Grunfeld knows, in one sense, nothing has changed. The Wizards will still have Wall, Beal (assuming he re-signs), Gortat and Otto Porter Jr. to help entice Durant, plus enough cap space to add others through free agency. Just because the Wizards are a shaky team now doesn’t mean that will be the case next season should they reconstruct the right team around Durant.
Inside Stuff: KD Holding Court
Kristen Ledlow meets up with Kevin Durant of the Thunder at North Highland Elementary School in Oklahoma City for a court dedication.

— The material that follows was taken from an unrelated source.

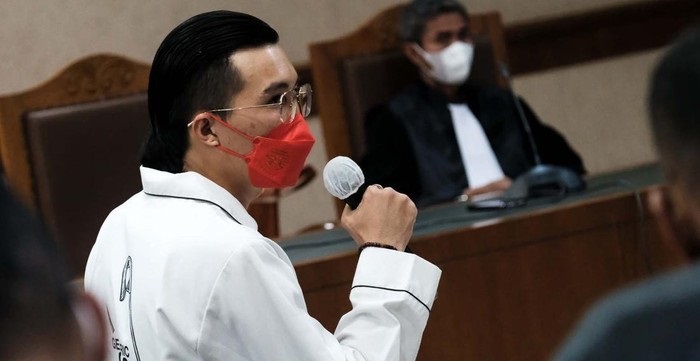 dr Tirta di Sidang Jerinx: Adam Deni Bilang Dibekingi 9 Naga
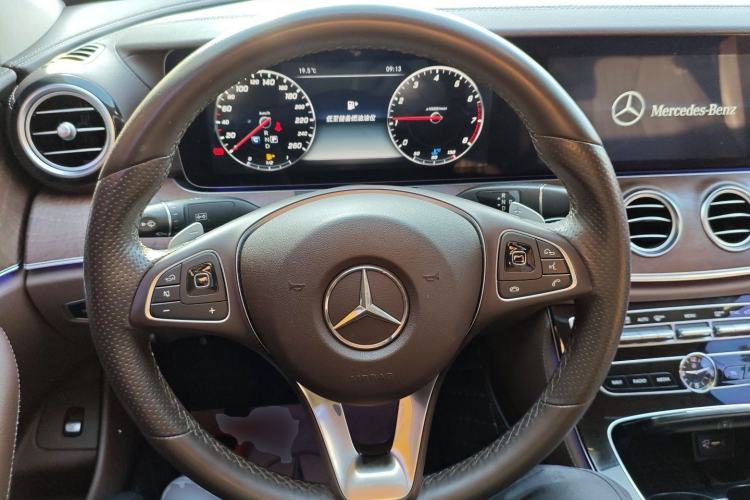 Used Mercedes-Benz E-Class 2016 E 200 L Steering Wheel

But does Durant feel that way, or has his faith been shaken by what he sees now?
Wall is an All-Star once again but isn’t on the same planet as Westbrook as an impact player. Beal is always hurt although his scoring (18.1) and shooting are both up this season, hinting that he’s ready to take the next step. Gortat remains a strong rebounder (9.9 average) but he may not have many prime years left, and the level of Porter’s growth in the near future is pure guesswork.
Durant will be a man with options come summer, the most attractive being staying in Oklahoma City, although he’d need to get assurance that Westbrook won’t flee in free agency in 2017 and leave him hanging. (If Durant leaves OKC next summer, then you best believe Westbrook will follow him out the door next.) Plenty could depend on whether Durant is threatened by the potential dynasty that’s happening in Golden State and feels compelled to jump to the East.
We know the Wizards won’t give up on the idea of adding a free agent who can reshape the franchise. The question is, has Durant?